DATA IN THIS EXERCISE: Begin

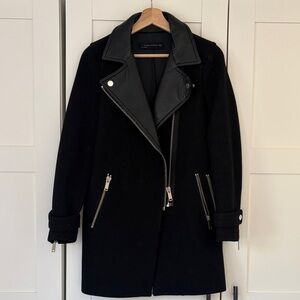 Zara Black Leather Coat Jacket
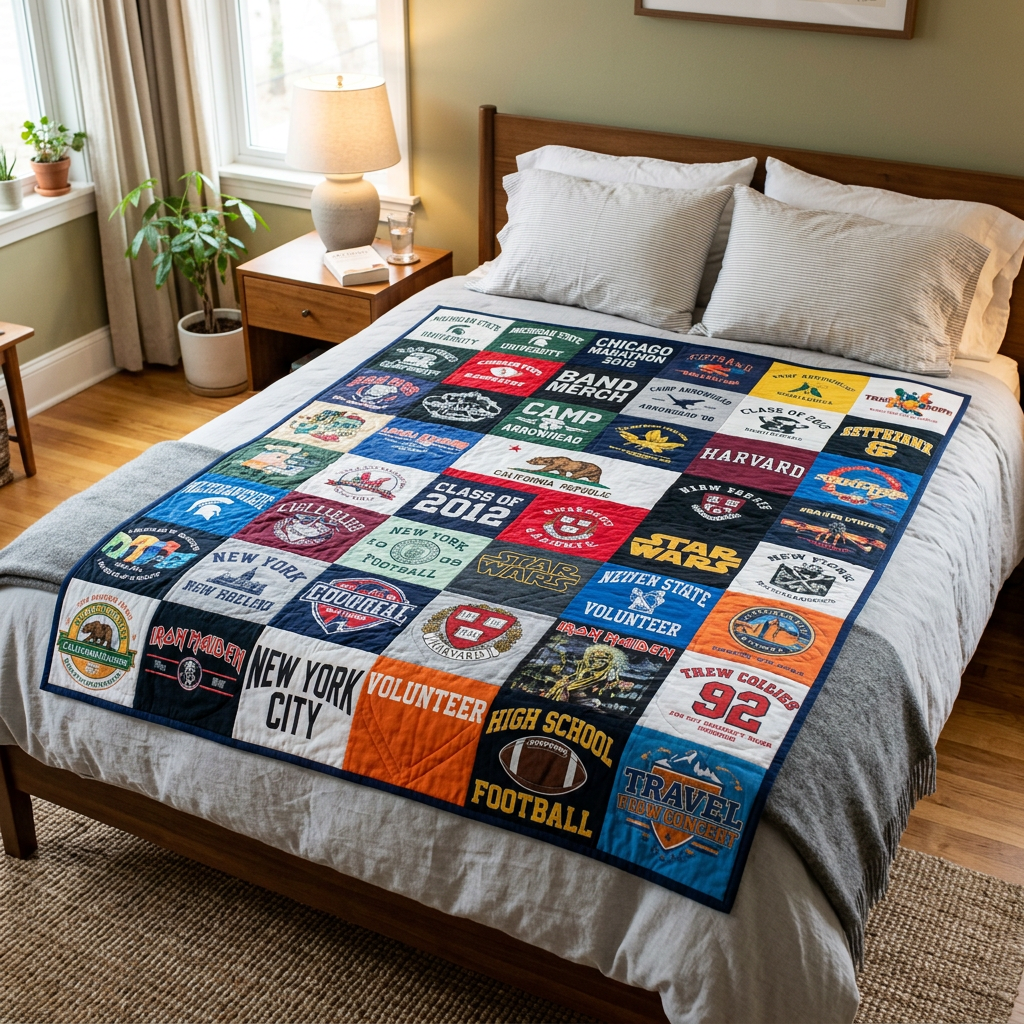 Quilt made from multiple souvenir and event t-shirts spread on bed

DATA IN THIS EXERCISE: End
DATA IN THIS EXERCISE: Begin

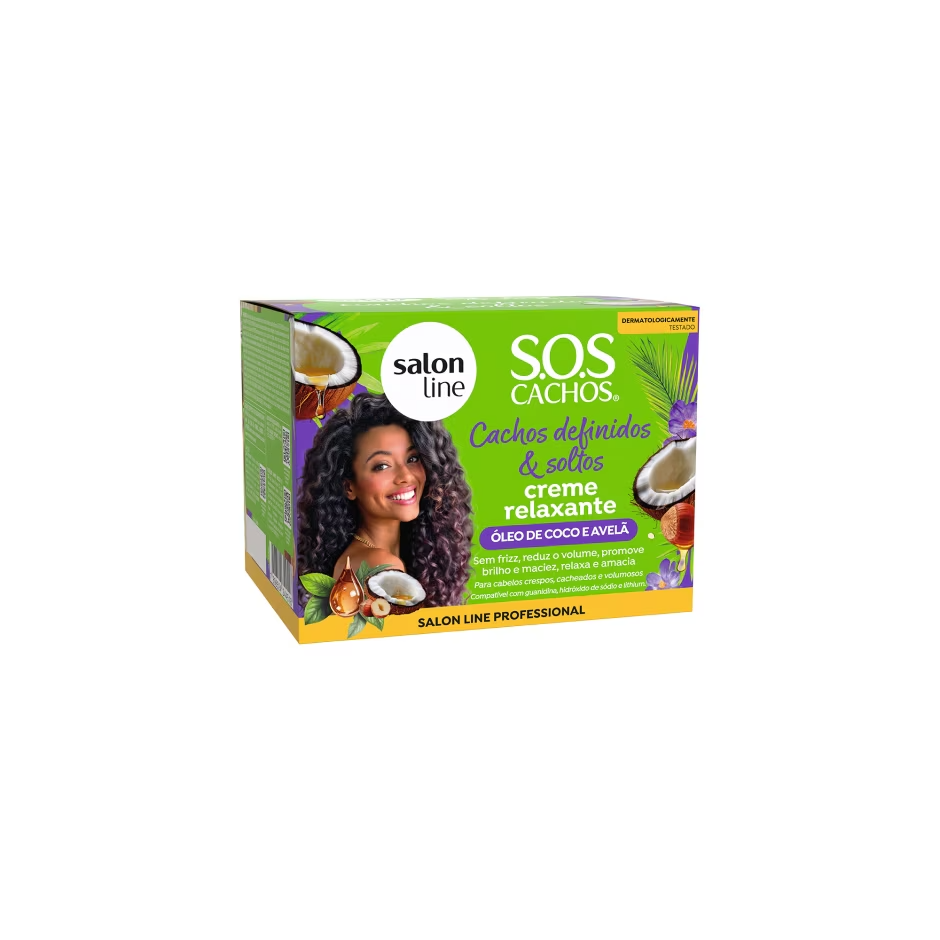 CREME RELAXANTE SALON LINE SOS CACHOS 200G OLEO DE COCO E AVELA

DATA IN THIS EXERCISE: End

■ **WHAT TO PRODUCE**:
Copy out the lines above from the line containing "Zara Black Leather Coat Jacket" through the line containing "Quilt made from", exactly, and keep the pictures out.

■ **WRITTEN RESPONSE**:
 Zara Black Leather Coat Jacket
 Quilt made from multiple souvenir and event t-shirts spread on bed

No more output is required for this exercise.